10.3390/nano9030446 ◽

2019 ◽

Vol 9 (3) ◽

pp. 446 ◽

Cited By ~ 4

Author(s):

Bridget Mutuma ◽

Boitumelo Matsoso ◽

Damilola Momodu ◽

Kabir Oyedotun ◽

Neil Coville ◽

...

Keyword(s):

Electrochemical Properties ◽

Photoelectron Spectroscopy ◽

Electrode Materials ◽

Electrochemical Analysis ◽

Activation Mechanism ◽

Specific Power ◽

Carbon Spheres ◽

Cell Potential ◽

Co Doping ◽

Pyridinic N

In this study, the effect of K2CO3 activation on the structural, textural, and electrochemical properties of carbon spheres (CSs) and boron and nitrogen co-doped carbon spheres (BN-CSs) was evaluated.

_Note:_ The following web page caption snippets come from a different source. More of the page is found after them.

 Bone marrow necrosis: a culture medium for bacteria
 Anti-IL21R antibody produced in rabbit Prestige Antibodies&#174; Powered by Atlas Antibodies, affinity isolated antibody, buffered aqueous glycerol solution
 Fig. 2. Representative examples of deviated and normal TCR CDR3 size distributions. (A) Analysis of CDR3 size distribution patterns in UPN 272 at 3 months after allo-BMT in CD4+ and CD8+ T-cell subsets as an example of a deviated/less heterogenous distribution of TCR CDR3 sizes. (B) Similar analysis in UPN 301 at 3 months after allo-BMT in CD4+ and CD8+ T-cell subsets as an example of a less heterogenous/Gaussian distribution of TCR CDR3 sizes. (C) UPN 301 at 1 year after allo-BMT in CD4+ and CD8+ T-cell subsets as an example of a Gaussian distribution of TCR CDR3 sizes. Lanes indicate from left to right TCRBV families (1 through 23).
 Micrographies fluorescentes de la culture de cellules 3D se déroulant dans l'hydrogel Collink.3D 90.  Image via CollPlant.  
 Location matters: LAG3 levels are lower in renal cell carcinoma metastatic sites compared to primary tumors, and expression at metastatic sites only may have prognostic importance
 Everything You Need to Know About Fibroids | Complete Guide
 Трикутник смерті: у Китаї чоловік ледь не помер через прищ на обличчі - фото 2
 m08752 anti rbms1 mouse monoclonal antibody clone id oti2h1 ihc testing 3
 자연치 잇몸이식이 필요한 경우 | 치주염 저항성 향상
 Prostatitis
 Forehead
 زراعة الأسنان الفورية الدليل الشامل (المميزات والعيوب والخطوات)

Activation of the CSs and BN-CSs by K2CO3 resulted in increased specific surface areas and ID/IG ratios. From the X-ray photoelectron spectroscopy (XPS) results, the BN-CSs comprised of 64% pyridinic-N, 24% pyrrolic-N and 7% graphitic-N whereas the activated BN-CSs had 19% pyridinic-N, 40% pyrrolic-N and 22% graphitic-N displaying the effect of activation on the type of N configurations in BN-CSs. A possible BN-co-doping and activation mechanism for the BN-CSs is proposed. Electrochemical analysis of the electrode materials revealed that BN doping, carbon morphology, structure, and porosity played a crucial role in enhancing the capacitive behavior of the CSs. As a proof of concept, a symmetric device comprising the activated BN-CSs displayed a specific power of 800 W kg−1 at a specific current of 1 A g−1 within an operating cell potential of 1.6 V in a 3 M KNO3 electrolyte. The study illustrated for the first time the role of K2CO3 activation in influencing the physical and surface properties of template-free activated BN-CSs as potential electrode materials for energy storage systems.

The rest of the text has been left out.